Rutledge, 24 Other Attorneys General, Fight to Save Veterans Memorial
April 15, 2016
LITTLE ROCK – Arkansas Attorney General Leslie Rutledge has joined a bipartisan group of 25 attorneys general in fighting to protect a historic cross honoring World War I veterans.
“Across the United States, countless memorials and monuments have been erected to honor the men and women who have bravely defended this nation,” said Attorney General Rutledge. “Many of these monuments like the one in Maryland include religious imagery, which is fully consistent with the Constitution. However, if the 4th Circuit does not affirm the lower court’s decision, it could eventually jeopardize hundreds of historic war memorials across the country, forcing their removal or alteration.”

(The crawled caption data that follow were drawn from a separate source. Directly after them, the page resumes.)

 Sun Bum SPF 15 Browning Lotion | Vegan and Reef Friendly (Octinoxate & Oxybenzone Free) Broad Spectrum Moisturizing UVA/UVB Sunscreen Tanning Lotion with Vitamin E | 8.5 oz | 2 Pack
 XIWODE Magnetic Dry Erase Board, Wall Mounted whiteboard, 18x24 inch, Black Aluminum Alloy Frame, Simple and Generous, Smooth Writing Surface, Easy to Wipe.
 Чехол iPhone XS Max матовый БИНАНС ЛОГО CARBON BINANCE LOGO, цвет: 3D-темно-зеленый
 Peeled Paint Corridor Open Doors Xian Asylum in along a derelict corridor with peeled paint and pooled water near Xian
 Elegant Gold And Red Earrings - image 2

Rutledge and 24 other attorneys general have filed an amicus brief asking the 4th Circuit Court of Appeals to affirm a lower court’s ruling, which found the U.S. Constitution allows veterans memorials with religious symbolism.

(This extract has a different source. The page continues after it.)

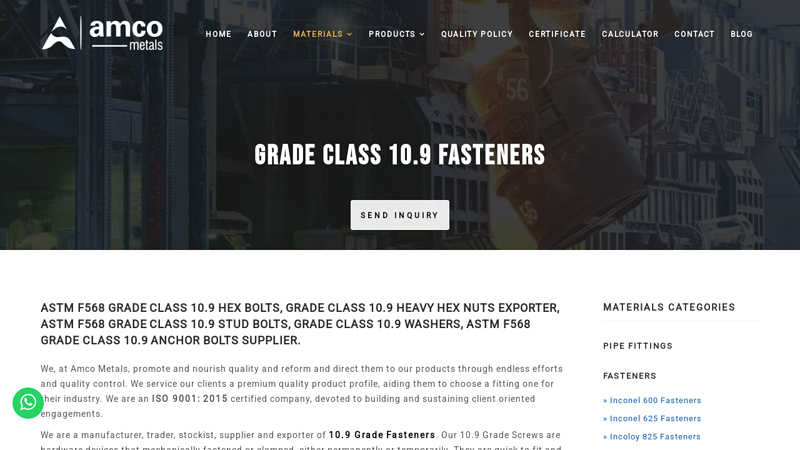 ASTM F568 Grade Class 10.9 Fasteners Manufacturer & Exporter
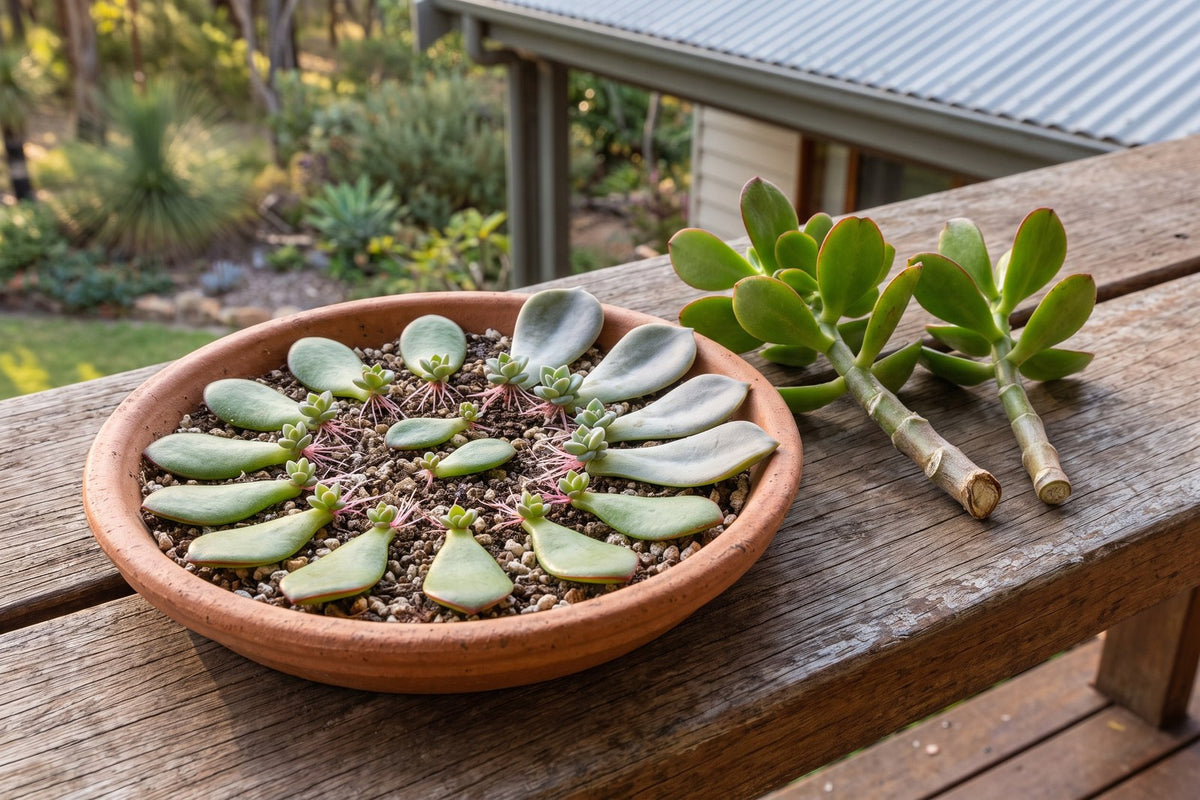 Jade and echeveria leaves sprouting tiny rosettes and roots on a tray of gritty mix, with jade stem cuttings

The case involves a white, memorial cross in Bladensburg, Maryland, built by the American Legion to remember World War I veterans. The initial lawsuit sought to force the State of Maryland to tear down the historic cross.
The district court found Maryland’s cross to be protected by the First Amendment. An appeal followed and the case rests before the 4th U.S. Circuit Court of Appeals. Its ultimate decision could impact memorials in West Virginia, Maryland, North Carolina, South Carolina and Virginia, including those at Arlington National Cemetery.
Rutledge signed the brief, which was led by West Virginia Attorney General Patrick Morrisey, along with attorneys general from Alabama, Arizona, Florida, Georgia, Idaho, Indiana, Hawaii, Kansas, Kentucky, Louisiana, Michigan, Montana, Nevada, North Dakota, Ohio, Oklahoma, Rhode Island, South Carolina, South Dakota, Texas, Utah, Virginia and Wisconsin.
The brief was filed as part of American Humanist Association, et.al. v. Maryland National Capital Park and Planning Commission.